Accordingly, in respective discharge plasmas P1 generated in the vicinity of the first discharge electrodes 32a and the vicinity of the second discharge electrodes 32b by action of the electric field for dust collection, a discharge plasma P1 having negative charges or positive charges is drawn to the gas channel 36 side. Incidentally, at this time, since the electric field, which is for dust collection and is also used for drawing out the discharge plasmas P1, is in a constant direction, the discharge plasmas P1 drawn out to the gas channel 36 side become reverse in polarity to each other.

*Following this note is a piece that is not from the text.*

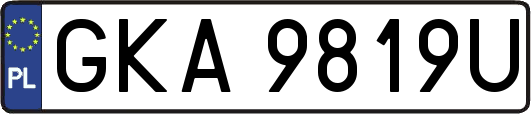 GKA9819U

Then PM charged by the discharge plasmas P1 receives electrical force in a direction according to the polarity by the electrical dust collection effect of the electric field for dust collection formed between the first discharge electrodes 32a and the second discharge electrodes 32b, and is thereby captured by the dielectric 31, the first discharge electrodes 32a and the second discharge electrodes 32b. Furthermore, the captured PM is burned by the discharge plasmas P1 generated by creeping discharges in the vicinities of the first discharge electrodes 32a and the second discharge electrodes 32b.

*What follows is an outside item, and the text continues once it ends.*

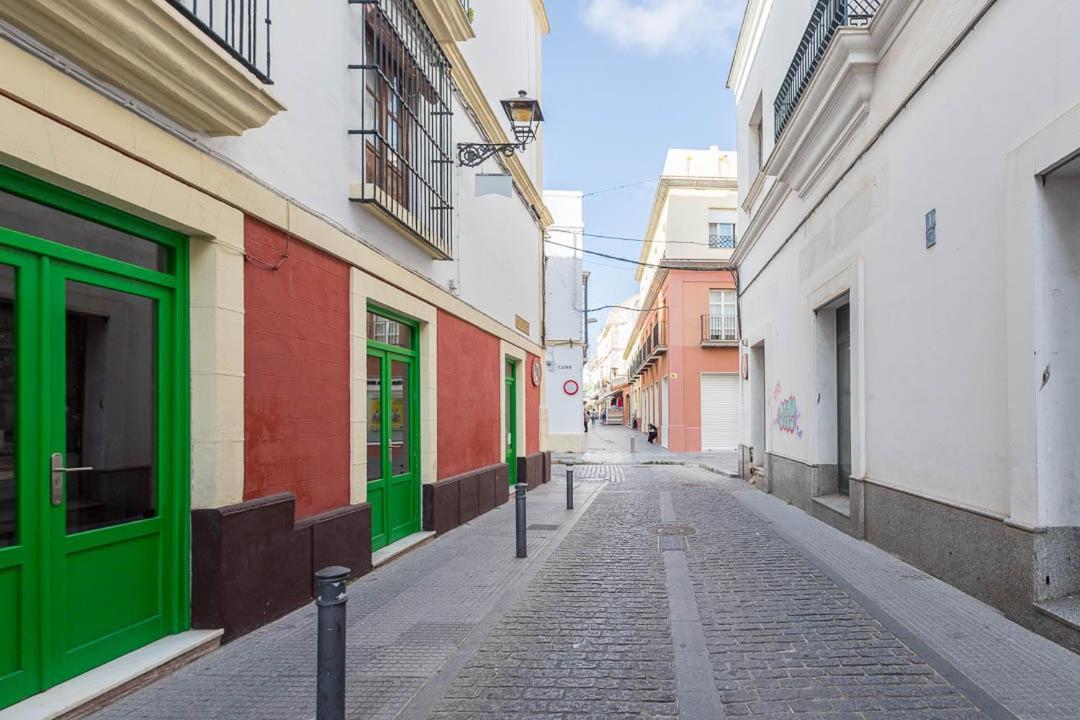 La Cruz 1A El Puerto de Santa María Esterno foto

In other words, the gas purifying device 10 has a structure such that, by arranging the two groups of discharge electrodes 32a, 32b to face each other for forming the electric field for dust collection, the discharge electrodes 32a, 32b combine a function as the dust collection counter electrode 34 for each other, which is a component of the second electric field forming unit in the gas purifying device 10 shown in FIG. 10.

Thus, with the gas purifying device 10, besides the effect in the gas purifying device 10 shown in FIG. 10, the discharge plasmas P1 can be generated in a wider range in the vicinities of surfaces on the gas channel 36 side of the dielectric 31. For example, when there are two discharge electrodes as shown in FIG. 14, it is possible to generate the discharge plasmas P1, P2 at two positions, and thus the PM captured on each portion of the dielectric 31 can be burned more effectively.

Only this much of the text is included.